As the newpaper article states:
“Many, if not most cases are not formally listed because local police are unwilling or unable to investigate crimes that usually involve crossing provincial borders. As well, many of the parents think police might be complicit in the kidnappings. It is a lucrative business that can net about $4,000 for each boy sold and about $1,000 per girl… The abducted children are mostly boys and are sold to families who want a son. The girls are often sold into marriage or to agencies that arrange foreign adoptions.”
The sale of children within China has made the news as far back as 2001 (see “China’s Baby Traffickers“) and kidnapping since 2006 (see “Stealing Babies for Adoption“) Despite this sordid history,China is lauded as having an “ethical” international adoption system that prospective adopters can have confidence in:
“For a family looking to adopt from the most ethical country, China is the best choice. They are highly regulated and have increasingly good orphanage conditions” (Thome, 2007)
But, given China’s history of not enforcing laws against the sale of children within China, how is any Westerner able to guarantee that the child they are adopting from China is not stolen? From the above quote, it appears that little girls in China, those same girls that are supposedly abandoned, are selling for up to $1000: not exactly a price that would be charged if there were a surplus of “product” on the market.
But agencies and orphanages stand to make a lot of money on each transaction, so unfortunately they have a financial incentive to hide this information from “clients.” (Perhap more “ethical” adoptions ( an oxymoron?) will only occur once no-one’s paycheque depends upon the transaction being made, where there is no financial incentive to kidnap, abduct, or coerce.)
“Mr. Peng … said some of the girls were sold to orphanages. They … often end up in the United States or Europe after adoptive parents pay fees to orphanages that average $5,000.” (New York Times, April 4, 2009).

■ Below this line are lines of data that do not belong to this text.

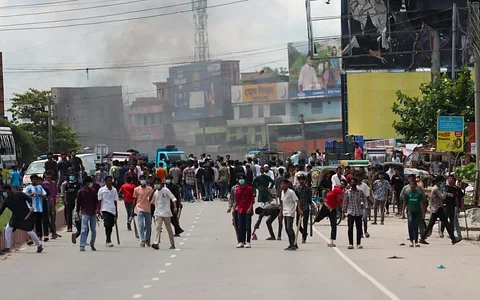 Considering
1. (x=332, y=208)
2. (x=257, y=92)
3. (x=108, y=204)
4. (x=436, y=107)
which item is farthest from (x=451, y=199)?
(x=257, y=92)

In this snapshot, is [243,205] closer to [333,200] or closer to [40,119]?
[333,200]

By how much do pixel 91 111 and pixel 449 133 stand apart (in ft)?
284

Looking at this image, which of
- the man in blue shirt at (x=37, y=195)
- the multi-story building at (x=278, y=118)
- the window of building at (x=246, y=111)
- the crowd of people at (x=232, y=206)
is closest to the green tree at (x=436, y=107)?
the crowd of people at (x=232, y=206)

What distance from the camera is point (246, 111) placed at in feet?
476

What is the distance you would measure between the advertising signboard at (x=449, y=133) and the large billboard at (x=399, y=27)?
19.9 m

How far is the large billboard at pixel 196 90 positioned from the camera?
465 ft

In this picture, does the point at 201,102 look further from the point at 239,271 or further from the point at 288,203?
the point at 239,271

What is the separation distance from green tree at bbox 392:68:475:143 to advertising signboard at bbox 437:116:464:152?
11.8 metres

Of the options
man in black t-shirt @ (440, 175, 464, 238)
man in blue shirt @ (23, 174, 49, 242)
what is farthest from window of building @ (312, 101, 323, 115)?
man in blue shirt @ (23, 174, 49, 242)

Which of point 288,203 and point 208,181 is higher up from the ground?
point 288,203

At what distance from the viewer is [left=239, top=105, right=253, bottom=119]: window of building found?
14438cm

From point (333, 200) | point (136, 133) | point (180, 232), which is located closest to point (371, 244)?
point (333, 200)

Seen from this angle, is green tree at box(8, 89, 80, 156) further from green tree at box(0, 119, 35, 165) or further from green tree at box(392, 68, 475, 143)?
green tree at box(392, 68, 475, 143)

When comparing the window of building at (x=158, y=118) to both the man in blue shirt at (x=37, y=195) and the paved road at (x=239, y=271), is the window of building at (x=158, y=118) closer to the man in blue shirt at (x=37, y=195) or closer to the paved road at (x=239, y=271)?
the paved road at (x=239, y=271) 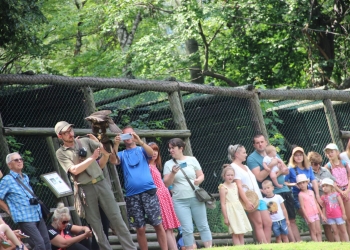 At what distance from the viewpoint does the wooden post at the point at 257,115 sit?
13719 millimetres

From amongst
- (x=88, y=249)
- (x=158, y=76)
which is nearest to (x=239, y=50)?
(x=158, y=76)

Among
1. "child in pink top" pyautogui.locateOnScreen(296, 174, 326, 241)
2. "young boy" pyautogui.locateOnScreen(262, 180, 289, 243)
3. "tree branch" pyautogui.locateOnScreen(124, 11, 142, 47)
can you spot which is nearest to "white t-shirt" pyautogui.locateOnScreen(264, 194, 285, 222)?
"young boy" pyautogui.locateOnScreen(262, 180, 289, 243)

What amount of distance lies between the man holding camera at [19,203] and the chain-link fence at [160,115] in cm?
74

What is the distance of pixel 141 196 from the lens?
34.7 ft

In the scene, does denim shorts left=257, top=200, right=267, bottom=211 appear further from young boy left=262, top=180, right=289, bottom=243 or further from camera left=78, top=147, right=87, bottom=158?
camera left=78, top=147, right=87, bottom=158

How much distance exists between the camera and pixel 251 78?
77.0ft

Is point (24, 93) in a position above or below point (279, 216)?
above

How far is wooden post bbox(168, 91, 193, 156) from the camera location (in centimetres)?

Anyway, I wonder if this new website may be able to serve those who have adopted a child from China and wonder if that child has been abducted? Many people adopted children from China, trusting in the assurances of baby brokers whom they now realize may have been lying or omitting the truth, and some of them now want to search, to find their child’s natural parents and discover if that child really was abandoned, or whether the child was kidnapped or the parents were coerced to surrender. Maybe a photo-listing of that child on “Baby Look for Home” may be at least provide a small chance of finding the child’s natural parents and the truth? I wonder if the Chinese government would cooperate?
(P.S. If you check out the “Baby Look for Home” site and cannot read Mandarin, you’ll find Google Translate to be a useful tool.)